Re: Constructing a number from digits in an arbitrary base

2020-11-02 Thread Sean McAfee
On Fri, Oct 30, 2020 at 2:19 PM Elizabeth Mattijsen  wrote:

> > On 30 Oct 2020, at 22:11, Sean McAfee  wrote:
> > With polymod, I can get the values of digits even in large bases like
> 101:
> >
> > > 1234567890.polymod(101 xx *)
> > (46 20 26 87 11)
> >
> > Given a list of digit values like that, and the base, I want to
> reconstruct the original number.


So you'd basically need a sub that takes a List, and a base factor, and
> does the necessary arithmetic for you.  I don't think that's in core.  I'd
> be glad if someone proved me wrong  :-)
>

Found it!  The "trick" is to use square braces after the colon and base.
For example, :101[11,87,26,20,46] evaluates to 1234567890.

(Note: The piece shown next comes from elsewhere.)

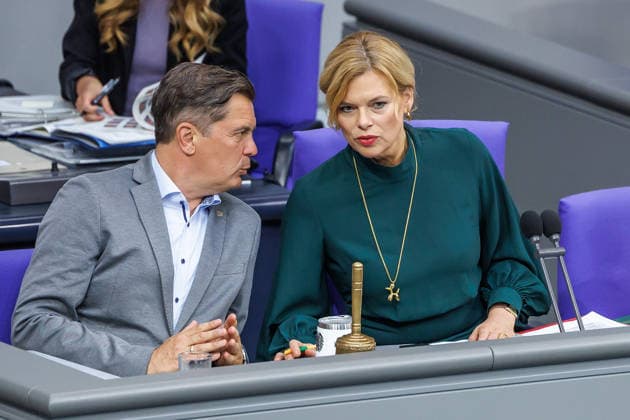 Questioning of the Federal Government in the Bundestag Bundestag President Julia Klöckner, at the questioning of the Federal Government in the German Bundestag on 06 05 26 in Berlin Berlin Berlin Germany Bundestag
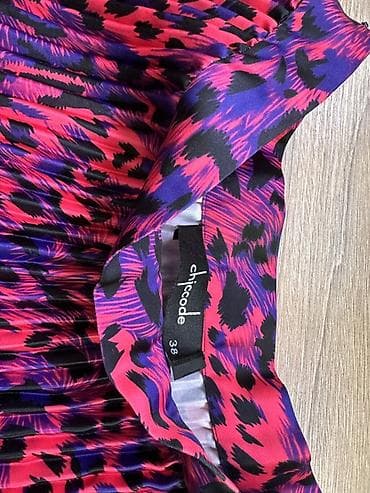 Plisirana suknja Chiccode - Brend: Chiccode - Veličina: S - Kroj na lalafo.rs — 2 Plisirana suknja Chiccode - Brend: Chiccode - Veličina: S - Kroj — 2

The digit values have to be supplied most-significant to least-significant,
the opposite of the order returned by polymod, and the base must be known
at compile time, but this is definitely the construction I was trying to
recall originally.  Even nicer for my golfing purposes, the list elements
are coerced to numbers automatically, so for example :2[True, False, True,
False] evaluates to 10.

I can't locate any documentation on this feature, but then I couldn't find
documentation on the dynamic string-parsing version (eg. :2($str)) when I
looked either, only the literal form, like :2<10101>.